While playing this game in its first few hours, I was fairly disappointed in what I thought was a lack of improvement from Sim City 3. The graphics at first seemed to me to be not much of an improvement. The method of "locking" your views into orthogonal presets still exists. There did not seem to be many new buildings or features to me. Sim City 2 was a gigantic leap from Sim City, taking the city to 3D, and adding tons of features. Sim City 3 expanded on that, adding more detail and buildings and features. To me, Sim City 4 just seemed like 3.5 at best.

After I few more hours, I realized I was very wrong. First, the graphics are more improved as the game goes along, as your residents up their land value. But the main thing that blew me away as a HUGE improvement to the series was one very difficult to catch. You need to be a hardcore Sim City fan to notice this about Sim City 4...

Despite how fun 2 and 3 were, there was one major flaw to those games.

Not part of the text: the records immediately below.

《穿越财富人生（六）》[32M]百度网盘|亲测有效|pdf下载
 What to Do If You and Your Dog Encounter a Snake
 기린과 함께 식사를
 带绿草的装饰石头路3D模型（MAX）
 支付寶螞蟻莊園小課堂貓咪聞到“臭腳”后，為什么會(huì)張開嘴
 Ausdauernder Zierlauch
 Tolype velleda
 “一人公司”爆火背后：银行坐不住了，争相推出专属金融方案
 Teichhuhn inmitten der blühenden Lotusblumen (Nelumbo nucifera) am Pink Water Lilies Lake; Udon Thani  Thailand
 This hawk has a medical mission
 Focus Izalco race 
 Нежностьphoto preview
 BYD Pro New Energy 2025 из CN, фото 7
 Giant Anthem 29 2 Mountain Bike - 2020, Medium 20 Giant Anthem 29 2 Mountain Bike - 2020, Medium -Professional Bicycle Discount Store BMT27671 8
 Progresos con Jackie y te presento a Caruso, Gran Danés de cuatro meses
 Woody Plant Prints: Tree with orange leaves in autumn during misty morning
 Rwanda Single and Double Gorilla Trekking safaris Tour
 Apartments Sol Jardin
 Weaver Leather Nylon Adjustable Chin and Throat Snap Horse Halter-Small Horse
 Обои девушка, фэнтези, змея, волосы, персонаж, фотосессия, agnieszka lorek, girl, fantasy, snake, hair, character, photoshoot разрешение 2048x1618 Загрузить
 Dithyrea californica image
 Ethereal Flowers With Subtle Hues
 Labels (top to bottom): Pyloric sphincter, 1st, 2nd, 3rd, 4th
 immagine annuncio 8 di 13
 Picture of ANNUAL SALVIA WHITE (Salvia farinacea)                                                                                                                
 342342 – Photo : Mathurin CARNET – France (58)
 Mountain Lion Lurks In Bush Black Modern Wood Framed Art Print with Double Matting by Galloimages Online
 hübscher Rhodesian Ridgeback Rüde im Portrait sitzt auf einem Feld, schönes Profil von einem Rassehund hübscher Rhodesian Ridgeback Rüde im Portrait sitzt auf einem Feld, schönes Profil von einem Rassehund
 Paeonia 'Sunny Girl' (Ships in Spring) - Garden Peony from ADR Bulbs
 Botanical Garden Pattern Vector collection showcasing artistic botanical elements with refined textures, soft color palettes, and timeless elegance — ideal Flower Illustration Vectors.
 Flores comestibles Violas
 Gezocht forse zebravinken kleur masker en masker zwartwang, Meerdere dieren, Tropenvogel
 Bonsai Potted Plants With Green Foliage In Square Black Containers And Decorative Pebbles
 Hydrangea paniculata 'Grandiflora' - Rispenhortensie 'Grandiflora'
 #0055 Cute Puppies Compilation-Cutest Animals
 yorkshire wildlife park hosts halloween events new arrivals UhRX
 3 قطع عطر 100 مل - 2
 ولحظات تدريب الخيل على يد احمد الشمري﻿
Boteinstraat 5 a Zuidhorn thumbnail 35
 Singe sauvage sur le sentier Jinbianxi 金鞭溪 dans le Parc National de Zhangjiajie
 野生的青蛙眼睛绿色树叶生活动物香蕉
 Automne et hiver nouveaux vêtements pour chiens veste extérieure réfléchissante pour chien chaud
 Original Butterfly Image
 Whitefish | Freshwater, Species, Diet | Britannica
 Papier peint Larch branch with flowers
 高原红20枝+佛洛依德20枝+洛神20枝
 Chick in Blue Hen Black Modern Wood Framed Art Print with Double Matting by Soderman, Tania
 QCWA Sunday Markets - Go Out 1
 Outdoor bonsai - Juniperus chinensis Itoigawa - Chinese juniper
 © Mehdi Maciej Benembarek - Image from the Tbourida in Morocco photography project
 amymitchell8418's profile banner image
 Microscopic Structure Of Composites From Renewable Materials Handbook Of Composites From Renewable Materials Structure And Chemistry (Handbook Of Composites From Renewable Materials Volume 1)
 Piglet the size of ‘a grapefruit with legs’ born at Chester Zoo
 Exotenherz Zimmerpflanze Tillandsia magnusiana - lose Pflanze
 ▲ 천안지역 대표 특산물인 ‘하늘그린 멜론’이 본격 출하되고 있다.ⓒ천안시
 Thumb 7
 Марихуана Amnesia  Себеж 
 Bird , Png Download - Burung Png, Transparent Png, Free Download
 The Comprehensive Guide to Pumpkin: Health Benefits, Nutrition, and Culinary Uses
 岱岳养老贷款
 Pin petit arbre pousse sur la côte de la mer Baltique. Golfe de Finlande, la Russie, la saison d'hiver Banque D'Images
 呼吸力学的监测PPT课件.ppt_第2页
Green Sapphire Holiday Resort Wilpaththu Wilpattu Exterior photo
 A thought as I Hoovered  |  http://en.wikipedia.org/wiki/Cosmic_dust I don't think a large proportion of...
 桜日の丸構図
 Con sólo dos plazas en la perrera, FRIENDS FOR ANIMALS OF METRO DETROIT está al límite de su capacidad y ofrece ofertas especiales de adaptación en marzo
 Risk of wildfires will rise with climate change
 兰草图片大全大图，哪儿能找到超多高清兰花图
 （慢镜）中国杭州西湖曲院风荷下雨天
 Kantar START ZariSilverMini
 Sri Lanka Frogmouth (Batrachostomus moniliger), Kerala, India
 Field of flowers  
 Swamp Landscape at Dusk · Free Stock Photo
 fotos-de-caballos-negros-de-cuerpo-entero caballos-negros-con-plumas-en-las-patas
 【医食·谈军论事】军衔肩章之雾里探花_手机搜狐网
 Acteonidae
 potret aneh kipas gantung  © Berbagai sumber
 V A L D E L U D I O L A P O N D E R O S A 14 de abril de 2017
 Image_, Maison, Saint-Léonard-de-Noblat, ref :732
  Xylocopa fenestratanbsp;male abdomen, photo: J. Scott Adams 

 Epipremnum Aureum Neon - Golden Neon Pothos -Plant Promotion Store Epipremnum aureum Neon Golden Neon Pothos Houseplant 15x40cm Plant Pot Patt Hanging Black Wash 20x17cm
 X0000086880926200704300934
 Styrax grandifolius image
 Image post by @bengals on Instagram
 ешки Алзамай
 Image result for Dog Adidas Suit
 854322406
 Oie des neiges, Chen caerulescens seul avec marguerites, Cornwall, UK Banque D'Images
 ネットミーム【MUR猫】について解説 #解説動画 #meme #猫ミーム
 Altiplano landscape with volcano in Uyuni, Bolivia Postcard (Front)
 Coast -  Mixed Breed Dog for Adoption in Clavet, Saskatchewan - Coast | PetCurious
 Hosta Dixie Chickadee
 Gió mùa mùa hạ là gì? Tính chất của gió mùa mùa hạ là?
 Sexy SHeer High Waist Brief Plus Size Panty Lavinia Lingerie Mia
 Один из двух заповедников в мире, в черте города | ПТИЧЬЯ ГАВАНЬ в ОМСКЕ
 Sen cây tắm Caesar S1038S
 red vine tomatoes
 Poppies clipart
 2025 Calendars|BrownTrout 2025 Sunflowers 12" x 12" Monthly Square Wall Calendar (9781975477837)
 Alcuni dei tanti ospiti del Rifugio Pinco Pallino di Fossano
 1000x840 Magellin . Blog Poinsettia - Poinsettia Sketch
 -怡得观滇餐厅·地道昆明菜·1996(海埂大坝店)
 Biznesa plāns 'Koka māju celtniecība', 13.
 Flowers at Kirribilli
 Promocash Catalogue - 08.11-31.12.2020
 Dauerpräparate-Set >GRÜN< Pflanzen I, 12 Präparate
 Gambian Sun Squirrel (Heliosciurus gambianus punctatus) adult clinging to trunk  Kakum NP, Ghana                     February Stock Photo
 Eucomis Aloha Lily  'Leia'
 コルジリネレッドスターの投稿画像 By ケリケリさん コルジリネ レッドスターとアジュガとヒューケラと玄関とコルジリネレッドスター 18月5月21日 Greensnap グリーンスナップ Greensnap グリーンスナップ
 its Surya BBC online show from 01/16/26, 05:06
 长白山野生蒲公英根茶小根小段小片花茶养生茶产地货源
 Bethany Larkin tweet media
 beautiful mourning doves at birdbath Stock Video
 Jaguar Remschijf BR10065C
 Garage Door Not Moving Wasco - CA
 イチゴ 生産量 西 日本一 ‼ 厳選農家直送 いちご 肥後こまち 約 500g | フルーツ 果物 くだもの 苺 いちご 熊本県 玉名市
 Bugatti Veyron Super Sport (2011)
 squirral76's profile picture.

Basically, every time you play the game (barring any natural disasters), the games are always the same. You followed the same progression of your city, in terms of your expansion and your finances, every time you play the game. You start out with your coffer of money for the city, and you spend on your basics at the beginning. It takes you a while to turn a profit each year, and you lose money each year for a while. You get close to $0, and then start becoming conservative. If you spend too much on expansion at this point in the game, you will go in the red. If you stay conservative for a while, you will start to gain money each year. Then you gain more and more, and by the end of the game you are gaining huge amounts of money each year. You never need to worry about money then unless you buy some ridiculous highway system or something. You end up with so much money the game is not fun anymore and you play until you get bored. To sum up, every game is the same if you charted your financial history - Starts off at let's say $20,000, then goes down a curve to approx $0, then slowly starts to upcurve, then upcurves to infinity for the rest of the game. This was the one thing that bothered me about Sim City, and I thought there was no chance of the series ever solving the problem. Sim City 4 did!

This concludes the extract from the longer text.